Start by selecting the correct hood for your outlet type and attaching it to the measuring instrument. The hood and instrument connect via a collar fitting that seats firmly without tools. Once the hood is fitted, power on the measuring instrument and allow it to complete its startup sequence. The instrument performs an automatic zero of the differential pressure sensor during startup. This zeroing step eliminates offset errors caused by temperature changes or barometric pressure differences between your last use and the current job. On a summer day in Darwin or Brisbane where ambient temperatures are significantly higher than the previous day, the zeroing step makes a measurable difference to reading accuracy.
Open the Testo Smart App on your smartphone or tablet and pair the instrument via Bluetooth. The pairing process is a one-time setup for each device and takes under a minute. Once paired, the app displays live measurement data from the instrument in real time. You will use the app throughout the measurement session to configure the measurement protocol, monitor readings and log results.
Within the app, set up a measurement protocol for the job. A protocol in the Testo Smart App stores the outlet reference numbers from your mechanical drawings, the design airflow for each outlet, and the acceptance tolerance range. Setting this up before arriving on site means you can work through the outlet schedule efficiently without stopping to cross-reference documents. On a large Sydney commercial fit-out with 80 or 100 outlets across multiple floors, a pre-configured protocol is what makes the difference between a productive day and a chaotic one.
Check the duct geometry input settings if you are using the differential pressure function for duct static pressure measurements in addition to volume flow. Duct cross-sectional area needs to be entered correctly for the instrument to convert differential pressure into velocity and volume flow. Confirm the duct dimensions from your as-built drawings before entering this data.
Tradie Pro Tip: Do the Bluetooth pairing and protocol setup in the workshop or the site office before you start measuring. Standing on a step ladder trying to navigate the app for the first time is not the way to start a commissioning job. Five minutes of preparation on the ground saves thirty minutes of confusion at ceiling height.
Selecting and Mounting the Hood
Hood selection determines whether your readings are accurate or systematically wrong. The hood must completely cover the outlet face. Any portion of the grille face that extends beyond the perimeter of the hood allows supply or return air to bypass the measurement grid entirely, producing a reading that is lower than actual flow with no correction possible.

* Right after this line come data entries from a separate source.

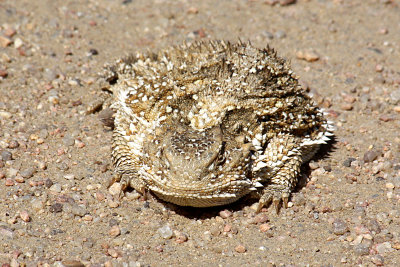 Short-horned Lizard 2009-09-07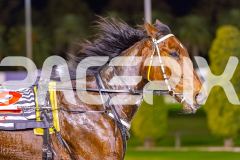 2025_PACEPIX_GP02092025_RACE4_UnderTheAlta_WIN_WEB-21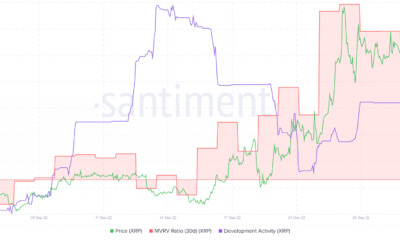 SEC 대 리플 효과 및 XRP의 최신 업적에 대해 알아야 할 모든 것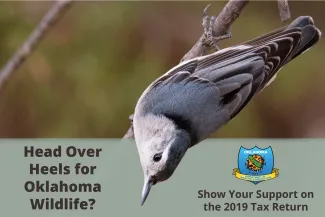 Support Oklahoma wildlife on your 2019 tax return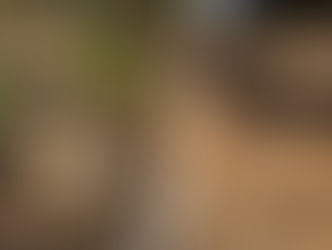 ''De wonderen zijn de wereld niet uit''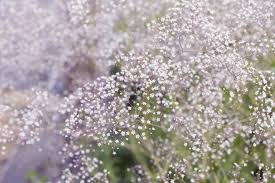 Attēlu rezultāti vaicājumam “Gypsophila paniculata bud”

For most standard commercial ceiling diffusers with a 600x600mm or 600x1200mm face, the 610x1220mm hood is the correct choice. For smaller residential and light commercial grilles below 360mm face dimension, the compact 360x360mm hood for small outlets provides the right coverage without excess hood area that can introduce edge leakage. For linear slot diffusers commonly found in open-plan commercial offices, the 305x1220mm hood matches the elongated outlet geometry. Always match the hood to the outlet face dimensions, not to the duct size behind the grille.
To mount the hood, position it over the outlet so that the open face of the hood covers the entire grille. Press the hood perimeter flat against the ceiling surface around the full edge of the outlet. The hood fabric needs to contact the ceiling with no visible gaps. A gap at any point around the perimeter creates a path for uncaptured airflow.
On textured or irregular ceiling surfaces, achieving a clean seal can take a moment of adjustment. Older commercial buildings in Sydney or Melbourne with plasterboard ceilings that have been repainted multiple times sometimes have raised edges around grille cutouts that make full contact harder. Press the hood firmly and evenly across the entire perimeter before starting the measurement.
Alignment of the hood over the outlet matters for swirl diffusers. Centre the hood over the diffuser face so the flow straightener grid sits symmetrically over the swirling discharge pattern. An off-centre hood on a swirl diffuser will capture air from part of the swirl pattern and miss the rest, reducing measurement accuracy even when the hood appears to be covering the outlet.
The 610x1220mm hood for standard commercial ceiling diffusers covers the majority of outlet configurations you will encounter in commercial office and retail commissioning work across Australia.
Positioning and Stabilisation
Once the hood is correctly positioned over the outlet, the instrument needs time to produce a stable reading. The differential pressure sensor inside the measurement grid is averaging the airflow across the face of the hood, and turbulent or swirling airflow takes longer to average out than clean laminar flow. Reading too early is one of the most common causes of inaccurate TAB results on site.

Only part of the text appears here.